Manchester United takeover news: Qatari group expected to make new multi-billion bid on Wednesday
The Glazer family’s resolve could be tested by new bids from both Sheikh Jassim and Sir Jim Ratcliffe.
Sheikh Jassim Bin Hamad Al Thani is expected to make an improved offer to buy Manchester United later this week following promising talks last week.
A member of the Qatari royal family, Sheikh Jassim’s representatives met with the club hierarchy last Thursday in Manchester to gauge the appetite for a deal. Sky Sports News cites sources in the United States that claim that a second bid from the Qatari group will be tabled before the close of play on Wednesday.
Sheikh Jassim is thought to be eager to take full control of the club and his team have already drawn up proposals for additional funding for infrastructure, youth development and the women’s football team.
The Glazer family, Manchester United’s current owners, bought the club nearly two decades ago but are now thought to be willing to sell up if the right offer materialises. They value the club at around $7.3 billion.
This is far in excess of most experts’ valuations of the club, but the Glazers are confident that they can extract a fee of this size when they come to sell one of the most recognisable brands in all of sport.
Will Jim Ratcliffe make another bid for Man Utd?
If the Glazers were to sell the club, the Qatar group is currently thought to be in pole position to take over England’s most successful side. However there is also concrete interest from Sir Jim Ratcliffe.
The Manchester-born billionaire tabled an offer in recent weeks and his own team met with the club shortly after the Qatari delegation.
Ratcliffe, along with his INEOS Sport representatives, was seen visiting Old Trafford last Friday to view the club’s financial documents.
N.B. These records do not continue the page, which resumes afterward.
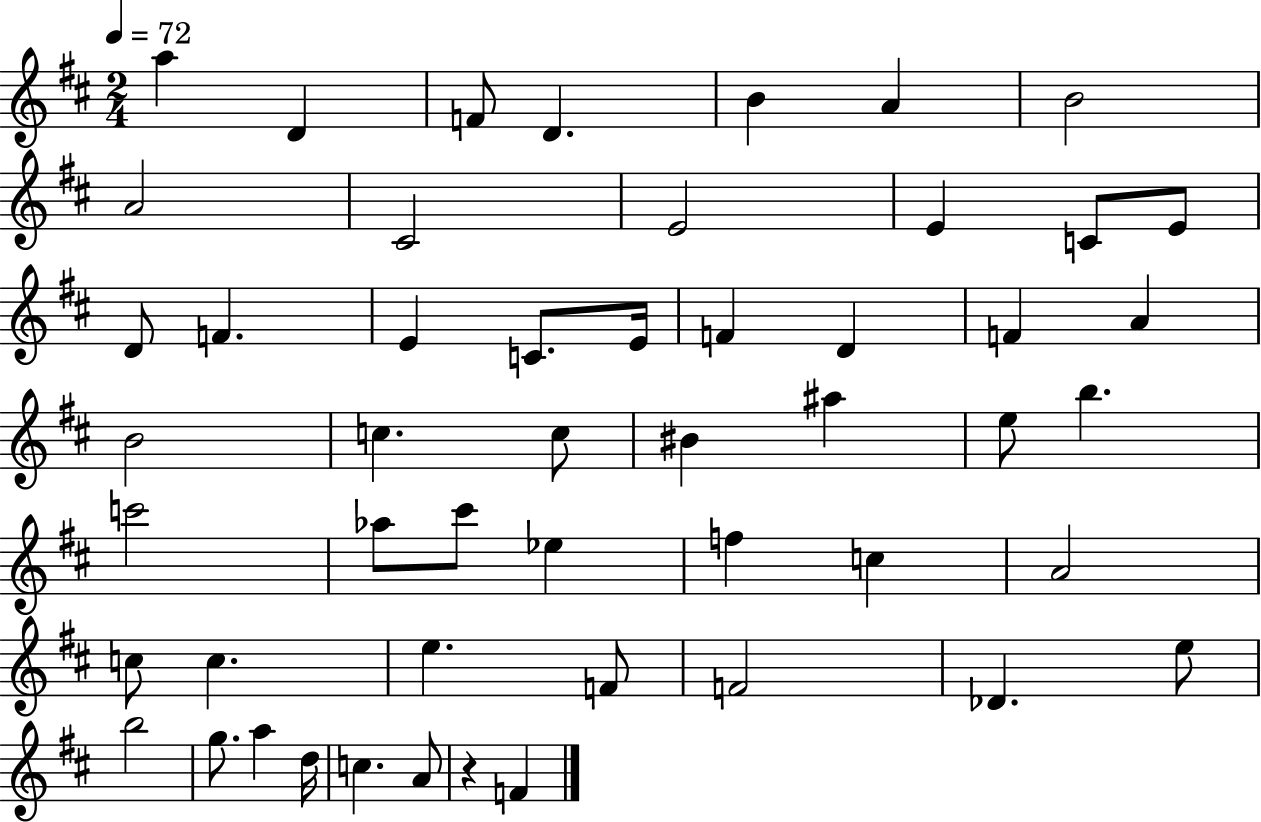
{
  \clef treble
  \numericTimeSignature
  \time 2/4
  \key d \major
  \tempo 4 = 72
  a''4 d'4 | f'8 d'4. | b'4 a'4 | b'2 | \break a'2 | cis'2 | e'2 | e'4 c'8 e'8 | \break d'8 f'4. | e'4 c'8. e'16 | f'4 d'4 | f'4 a'4 | \break b'2 | c''4. c''8 | bis'4 ais''4 | e''8 b''4. | \break c'''2 | aes''8 cis'''8 ees''4 | f''4 c''4 | a'2 | \break c''8 c''4. | e''4. f'8 | f'2 | des'4. e''8 | \break b''2 | g''8. a''4 d''16 | c''4. a'8 | r4 f'4 | \break \bar "|."
}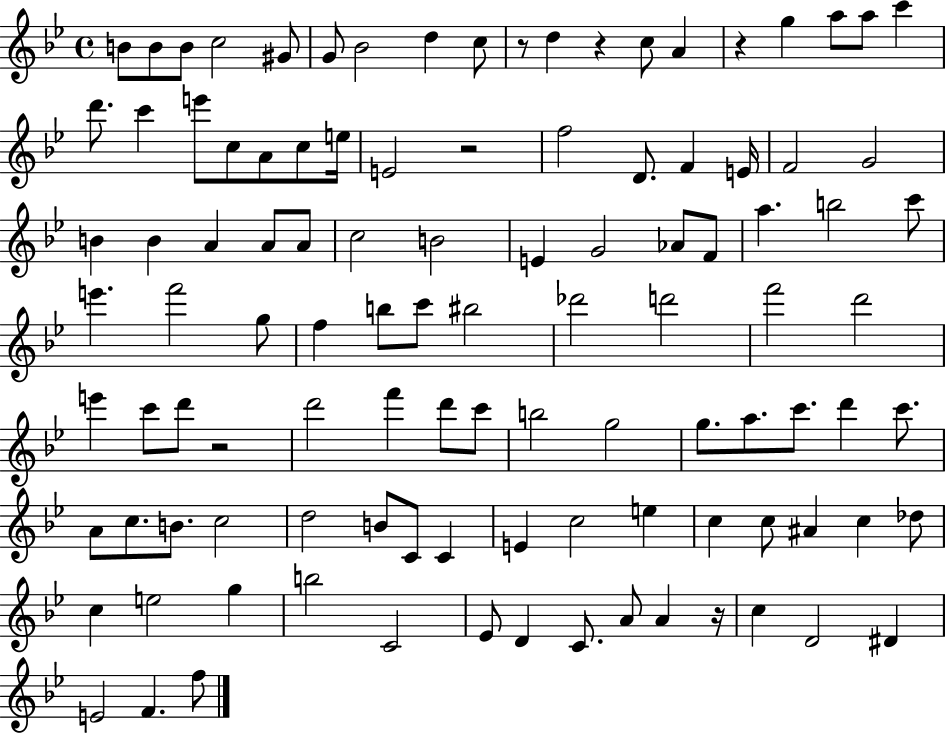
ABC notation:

X:1
T:Untitled
M:4/4
L:1/4
K:Bb
B/2 B/2 B/2 c2 ^G/2 G/2 _B2 d c/2 z/2 d z c/2 A z g a/2 a/2 c' d'/2 c' e'/2 c/2 A/2 c/2 e/4 E2 z2 f2 D/2 F E/4 F2 G2 B B A A/2 A/2 c2 B2 E G2 _A/2 F/2 a b2 c'/2 e' f'2 g/2 f b/2 c'/2 ^b2 _d'2 d'2 f'2 d'2 e' c'/2 d'/2 z2 d'2 f' d'/2 c'/2 b2 g2 g/2 a/2 c'/2 d' c'/2 A/2 c/2 B/2 c2 d2 B/2 C/2 C E c2 e c c/2 ^A c _d/2 c e2 g b2 C2 _E/2 D C/2 A/2 A z/4 c D2 ^D E2 F f/2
The 70-year-old is a Manchester United fan and already owns the French football club OGC Nice.
Last month Ratcliffe submitted a bid to take over 69% of the club, which is the entirety of the Glazers’ current holdings. The rest of the shares are traded on the New York Stock Exchange and he could in theory look to buy them in future. He may wait to see the response to the expected Qatari bid before making his next move.